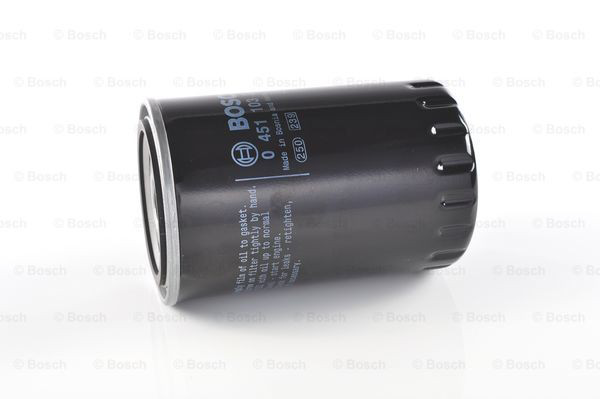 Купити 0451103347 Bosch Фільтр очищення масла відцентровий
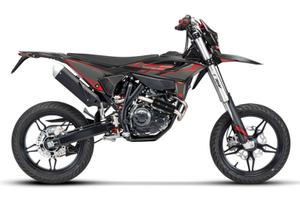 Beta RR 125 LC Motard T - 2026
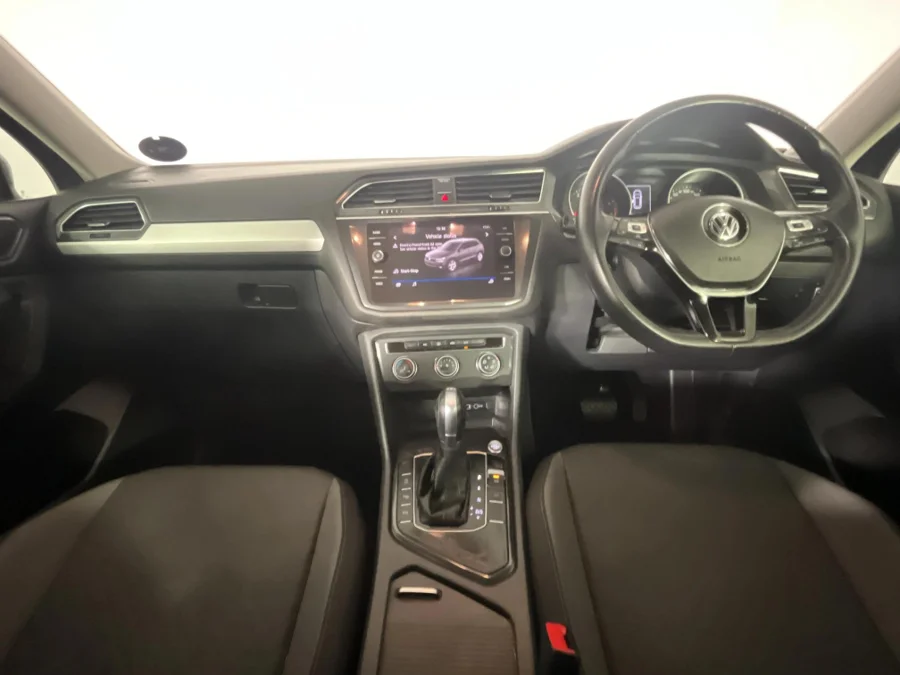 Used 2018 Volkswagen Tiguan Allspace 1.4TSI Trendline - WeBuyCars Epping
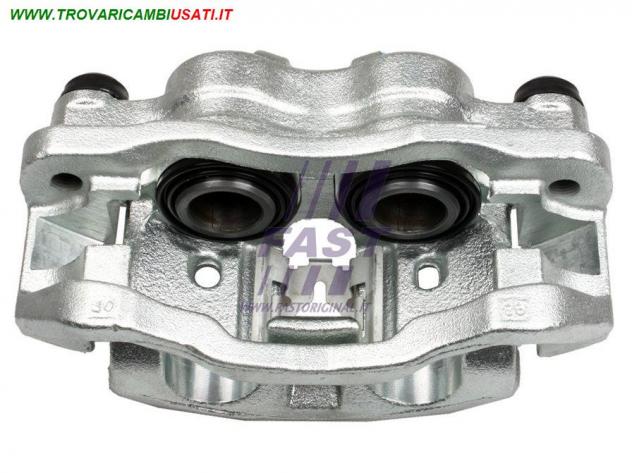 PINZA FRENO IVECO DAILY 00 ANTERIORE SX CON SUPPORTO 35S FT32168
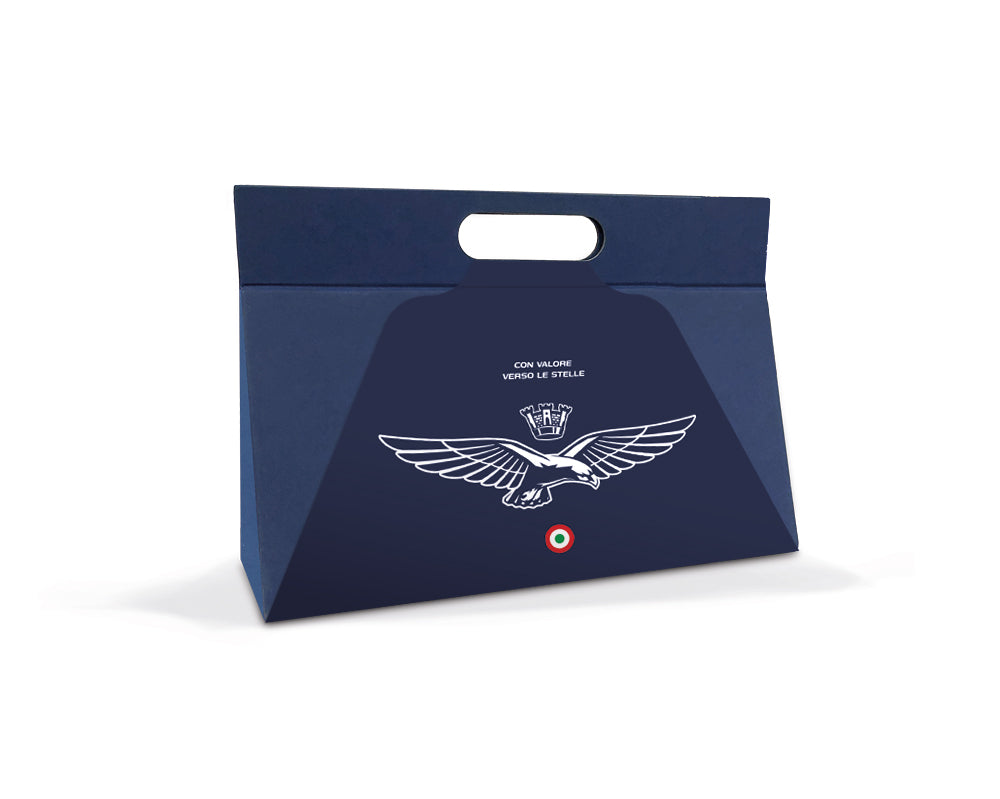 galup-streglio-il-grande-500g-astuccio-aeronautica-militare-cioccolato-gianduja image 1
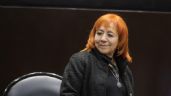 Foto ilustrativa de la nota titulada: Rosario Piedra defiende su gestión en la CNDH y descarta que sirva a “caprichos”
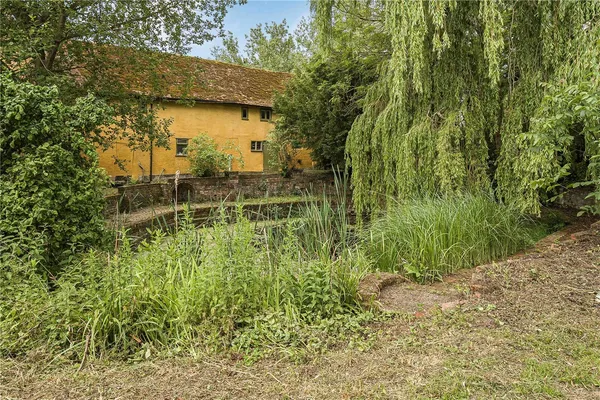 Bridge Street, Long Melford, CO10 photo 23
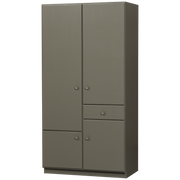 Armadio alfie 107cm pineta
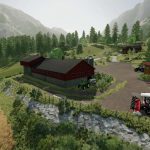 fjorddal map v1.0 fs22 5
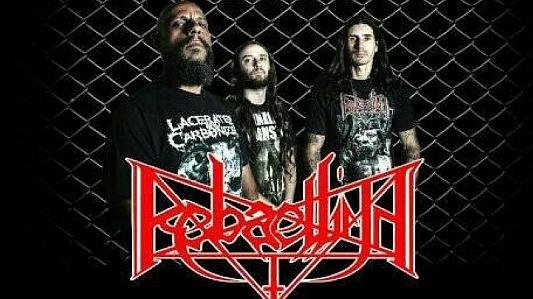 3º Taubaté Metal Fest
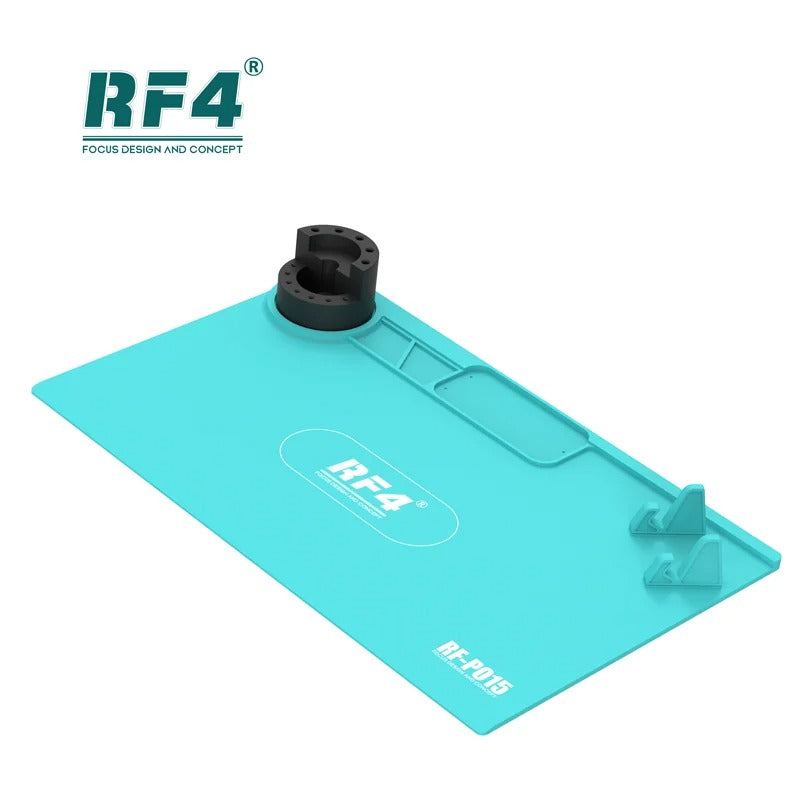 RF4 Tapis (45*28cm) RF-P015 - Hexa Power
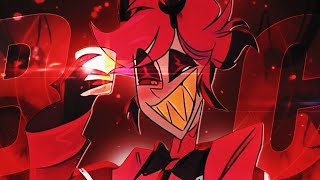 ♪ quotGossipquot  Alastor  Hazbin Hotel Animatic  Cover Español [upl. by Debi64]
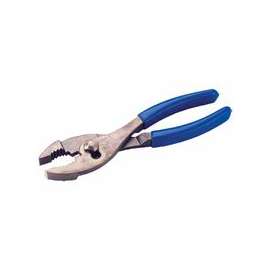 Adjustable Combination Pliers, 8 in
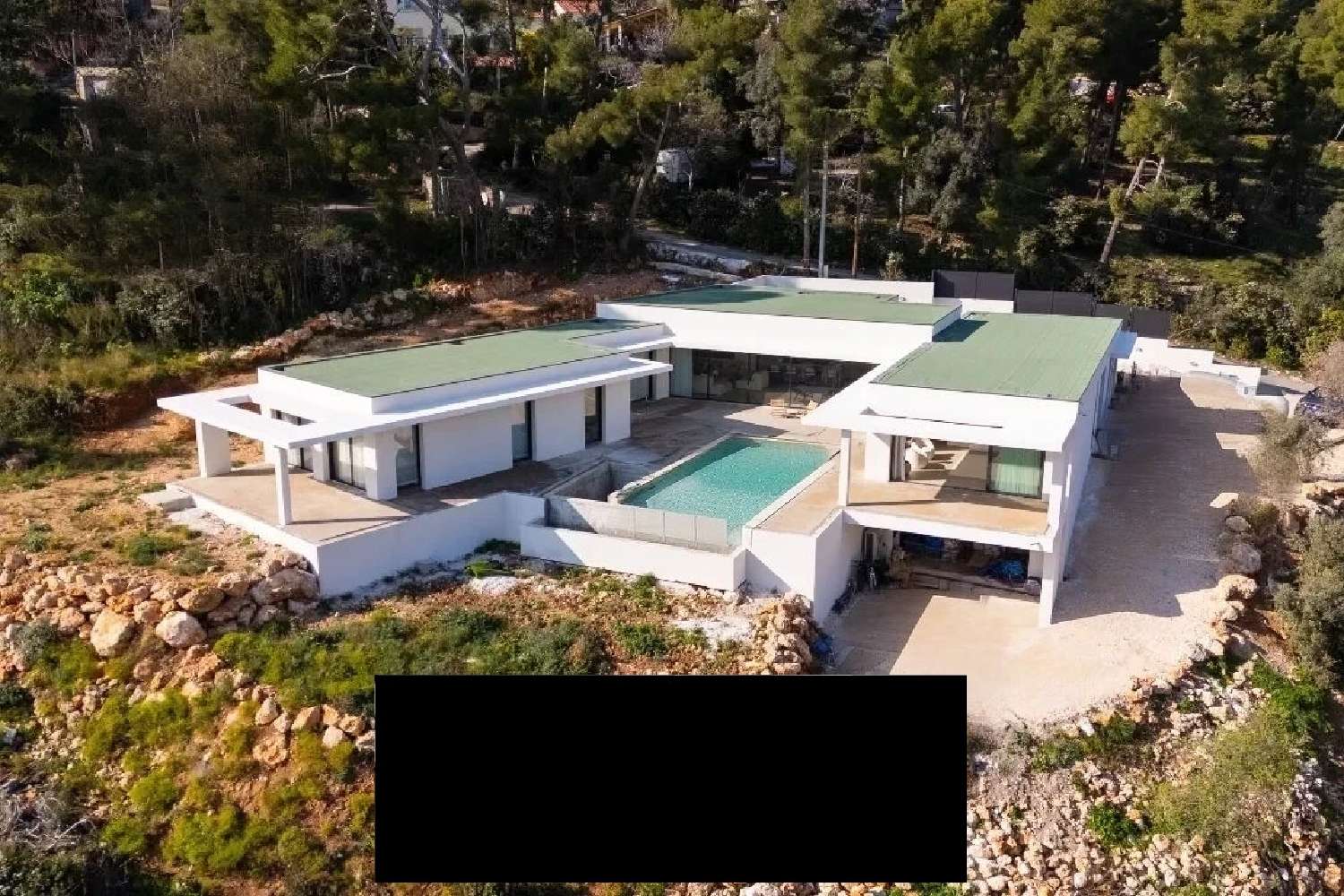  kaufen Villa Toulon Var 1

──────────

Work item: Print exactly the lines between the line containing "Armadio alfie 107cm pineta" and the last line of the entries above, including both, and nothing besides; skip the pictures.

Written reply:
 Armadio alfie 107cm pineta
 fjorddal map v1.0 fs22 5
 3º Taubaté Metal Fest
 RF4 Tapis (45*28cm) RF-P015 - Hexa Power
 ♪ quotGossipquot  Alastor  Hazbin Hotel Animatic  Cover Español [upl. by Debi64]
 Adjustable Combination Pliers, 8 in
  kaufen Villa Toulon Var 1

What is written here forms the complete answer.